Maka Jibril menyerunya dari tempat yang rendah, "Janganlah kamu bersedih hati, sesungguhnya Tuhanmu telah menjadikan anak sungai di bawahmu."
"Dan goyanglah pangkal pohon kurma itu ke arahmu, niscaya pohon itu akan menggugurkan buah kurma yang masak kepadamu. maka makan, minum dan bersenang hatilah kamu. Jika kamu melihat seorang manusia, maka katakanlah, "Sesungguhnya aku telah bernazar berpuasa untuk Tuhan Yang Maha Pemurah, maka aku tidak akan berbicara dengan seorang manusiapun pada hari ini." (19: 16 - 26)

Dari surat Maryam ayat 16 sampai 26 di atas dapat kita rasakan bagaimana Maryam menjalani masa-masa sulit menghadapi dan menjalankan ketentuan Allah swt, namun Maryam tidak mengeluh karena ia telah menyerahkan segalanya kepada Allah swt yang melakukan segala apa yang dikehendaki Nya, pengatur segala urusan dengan hikmah dan taqdir Nya. Namun setelah kandungannya membesar dan dia pun tidak bisa menyembunyikan keadaan dirinya dan rasa sakit yang dirasakannya saat tiba waktunya melahirkan membuatnya berkata, "Aduhai, alangkah baiknya aku mati sebelum ini, dan aku menjadi barang yang tidak berarti, lagi dilupakan."

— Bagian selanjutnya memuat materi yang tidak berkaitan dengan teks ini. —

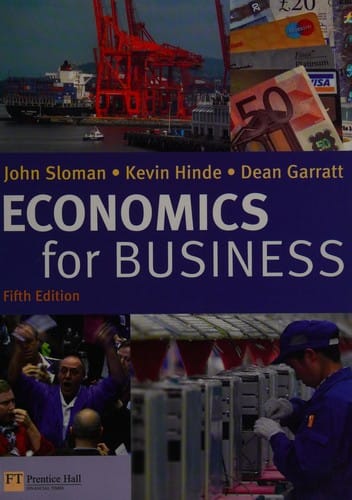Economics for business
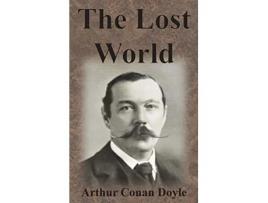 Livro The Lost World de Arthur Conan Doyle (Inglês - Capa Dura)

Begitulah keadaan dan suasana hati Maryam, menghadapi lingkungannya dan kaumnya, dapat kita bayangkan kegundahan dan kesedihannya. Sampai akhirnya turunlah perintah Allah swt melalui Jibril memerintahkan Maryam berpuasa tidak berbicara dengan mereka sampai hari kelahiran anaknya.

Ketika bayi yang dikandungnya telah lahir, yaitu Isa as, Maryam pun masih mendapati kaumnya mempertanyakan tentang kesucian dan kehormatannya.
"Maka Maryam membawa anak itu kepada kaumnya dengan menggendongnya. Kaumnya berkata, "Hai Maryam, sesungguhnya kamu telah melakukan sesuatu yang amat mungkar."
"Hai saudara perempuan Harun, ayahmu sekali-kali bukanlah seorang yang jahat dan ibumu sekali-kali bukanlah seorang pezina."
maka Maryam menunjuk kepada anaknya. Mereka berkata, "Bagaimana kami akan berbicara dengan anak kecil yang masih di dalam ayunan?"
Berkata Isa, "Sesungguhnya aku ini hamba Allah, Dia memberiku al Kitab (Injil) dan Dia menjadikan aku seorang nabi, dan Dia menjadikan aku seorang yang diberkati di mana saja aku berada, dan Dia memerintahkan kepadaku (mendirikan) shalat dan (menunaikan) zakat selama aku hidup dan berbakti kepada ibuku, dan Dia tidak menjadikan aku seorang yang sombong lagi celaka. Dan kesejahteraan semoga dilimpahkan kepadaku, pada hari aku dilahirkan, pada hari aku meninggal dan pada hari aku dibangkitkan hidup kembali."

Semoga sikap yang ditunjukkan oleh kedua orang perempuan ahli surga ini, yang digambarkan dalam sosok Asiyah binti Muzahim dan Maryam binti Imran membuat kita semakin memahami tugas-tugas dan kewajiban kita sebagai muslimah dan menambah kekuatan iman kita menghadapi dan menyikapi lingkungan kita saat ini yang berkembang pesat dengan berbagai kemudahan, hedonisme, euforia teknologi dunia maya, jejaring sosial dan kemajuan lainnya yang apabila kita tidak berpatokan pada Dinnullah akan semakin membawa kita kepada keburukan dan kerusakan moral. Dan karena perempuan adalah aset terbesar, dari jumlahnya, maka apabila aset itu mempunyai kualitas yang baik akan memberikan kontribusi bagi ummat manusia. Karena perempuan adalah induknya masyarakat, kualitas masyarakat tergantung kualitas para perempuannya.